Jie Gao,Hella-Franziska Hoffmann,Stylianos Oikonomou,David Kiskovski,Anil Bandhakavi
DOI: https://doi.org/10.48550/arXiv.2112.09253
2022-03-26
Abstract:This paper describes our participant system for the multi-modal fact verification (Factify) challenge at AAAI 2022. Despite the recent advance in text based verification techniques and large pre-trained multimodal models cross vision and language, very limited work has been done in applying multimodal techniques to automate fact checking process, particularly considering the increasing prevalence of claims and fake news about images and videos on social media. In our work, the challenge is treated as multimodal entailment task and framed as multi-class classification. Two baseline approaches are proposed and explored including an ensemble model (combining two uni-modal models) and a multi-modal attention network (modeling the interaction between image and text pair from claim and evidence document). We conduct several experiments investigating and benchmarking different SoTA pre-trained transformers and vision models in this work. Our best model is ranked first in leaderboard which obtains a weighted average F-measure of 0.77 on both validation and test set. Exploratory analysis of dataset is also carried out on the Factify data set and uncovers salient patterns and issues (e.g., word overlapping, visual entailment correlation, source bias) that motivates our hypothesis. Finally, we highlight challenges of the task and multimodal dataset for future research.
Computer Vision and Pattern Recognition,Computation and Language,Multimedia
What problem does this paper attempt to address?
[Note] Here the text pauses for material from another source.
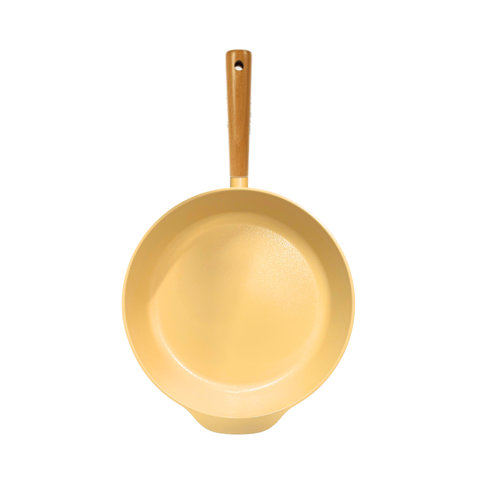 Chảo Hàn Quốc PTDL-28IH công nghệ đáy từ cao cấp, nhôm đúc nguyên khối, chống dính Ceramic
The problem that this paper attempts to solve is the challenges in the field of multimodal fact verification, especially in the context of the increasing amount of false information about images and videos on social media. Specifically, the paper focuses on how to use multimodal techniques to automate the fact - checking process, which has been less explored in existing research. The author regards this challenge as a multimodal entailment task and frames it as a multi - class classification problem. Two baseline methods are proposed in the paper to solve this problem: one is an ensemble model that combines two unimodal models, and the other is a multimodal attention network that models the interaction between image - text pairs. The core of the paper lies in developing algorithms that can effectively capture the semantic consistency and integrity between images and text to address the following specific challenges: 1. **Fine - grained image differences**: Simple image similarity cannot distinguish subtle image differences and performs poorly for adversarial images. 2. **Cross - modal semantic integrity**: It is necessary to not only learn the content features of images and text respectively, but also capture the cross - modal semantic consistency. 3. **Problems in the dataset**: Such as vocabulary overlap, visual entailment correlation, source bias, etc., which are revealed in the exploratory data analysis. By proposing the above methods, the paper aims to improve the accuracy and efficiency of multimodal fact verification, so as to better deal with the spread of false information on social media.